Brought back index regeneration #2648

istranic · 2023-10-10T19:13:27Z

🚀 🚀 Pull Request

Impact

Bug fix (non-breaking change which fixes expected existing functionality)
Enhancement/New feature (adds functionality without impacting existing logic)
Breaking change (fix or feature that would cause existing functionality to change)

Description

-- Added index regeneration back. It was removed previously by mistake
-- Minor refactors to how parameters are passed
-- Increased M and efConstruction to provide more accuracy to index

Things to be aware of

Things to worry about

Additional Context

codecov · 2023-10-10T20:37:03Z

Codecov Report

All modified lines are covered by tests ✅

Comparison is base (edd6efc) 84.30% compared to head (29efde8) 81.79%.

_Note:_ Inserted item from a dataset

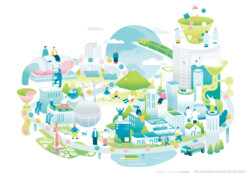 DOWAエコシステム様の会社案内イラストを担当しました。
「素材が循環していく様子」を中心に、その上に築かれる健やかな未来を描いています。
日々進化する研究や新しい発見、そして世界を見据えた環境ビジネスの姿を、温かく前向きなトーンで表現しました。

Additional details and impacted files

@@            Coverage Diff             @@
##             main    #2648      +/-   ##
==========================================
- Coverage   84.30%   81.79%   -2.52%     
==========================================
  Files         229      229              
  Lines       25503    25499       -4     
==========================================
- Hits        21501    20857     -644     
- Misses       4002     4642     +640

Flag	Coverage Δ
unittests	`81.79% <100.00%> (-2.52%)`	⬇️

Flags with carried forward coverage won't be shown. Click here to find out more.

Files	Coverage Δ
deeplake/core/tensor.py	`85.14% <100.00%> (+0.10%)`	⬆️
deeplake/core/vectorstore/deeplake_vectorstore.py	`96.94% <100.00%> (+0.79%)`	⬆️
...lake/core/vectorstore/vector_search/indra/index.py	`68.91% <100.00%> (-14.42%)`	⬇️
deeplake/core/vectorstore/vector_search/utils.py	`96.16% <100.00%> (+0.01%)`	⬆️

... and 30 files with indirect coverage changes

☔ View full report in Codecov by Sentry.
📢 Have feedback on the report? Share it here.

sounakr

LGTM

adolkhan · 2023-10-12T10:51:24Z

deeplake/core/tensor.py

+                self.delete_vdb_index(vdb_index["id"])
+                # Recreate it back.
+                self.create_vdb_index(
+                    vdb_index["id"],
+                    vdb_index["distance"],
+                    additional_params=vdb_index.get("additional_params", None),
+                )


What happens when either of these commands fail? do we end up with corrupt indexes or do we just delete index? If possible I think we should rolling back to previous index state.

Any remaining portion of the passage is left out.